Solo quiero que evites que Alexander consiga algún tesoro decente, con eso será suficiente.

«Así que, técnicamente, se mantiene “neutral”, siempre que no me meta en problemas», pensó Daimon antes de encogerse de hombros para sus adentros.

«Da igual.

Antes no contaba con un señor mago, así que tener uno como aliado es solo un extra para mí».

Como si de repente recordara algo, Aura se rascó la nuca.

—Casi lo olvido… La competición para decidir los participantes se celebrará la semana que viene y partiremos a principios de la semana siguiente.

Los de segundo año tendrán su torneo primero y luego los de primer año.

Boris estaba especialmente en contra de que la competición fuera tan apresurada; su entrenamiento apenas había comenzado y aún les quedaban muchas cosas por aprender.

Por desgracia, no había nada que pudiera hacer.

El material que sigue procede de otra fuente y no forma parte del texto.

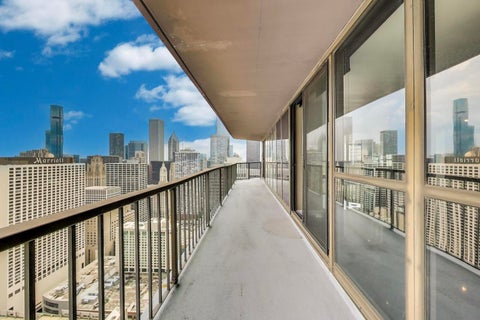 Tiny photo for 10 E ONTARIO Street #5001-02, Chicago, IL 60611 (MLS # 12754794)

Stella se levantó de su silla y luego alzó ligeramente los lados de su vestido.

—Ahora que todo está resuelto, me retiraré.

Ruego por una buena cooperación entre mis Leeris y las familias Argent y Revy.

Daimon asintió, se puso de pie y luego hizo una ligera reverencia con la mano derecha sobre el corazón, un gesto de buena voluntad entre nobles.

—Yo también lo espero… señorita Leeris.

Stella se fue, dejando atrás solo a Boris, Daimon y Aura.

Por supuesto, Boris notó que Aura lo fulminaba con la mirada, así que se levantó de inmediato y se excusó.

—Directora, necesito ver cómo está mi sobrina, así que yo también me retiraré.

Tan pronto como Boris se fue, Aura se levantó y caminó hacia Daimon.

Luego puso una expresión esperanzada, como una niña pequeña que quiere que la elogien.

Daimon dio unas palmaditas en su pierna y Aura se sentó de inmediato en su regazo, solo para ser besada por Daimon.

Sus lindas orejas de lobo se agitaron mientras disfrutaba del beso.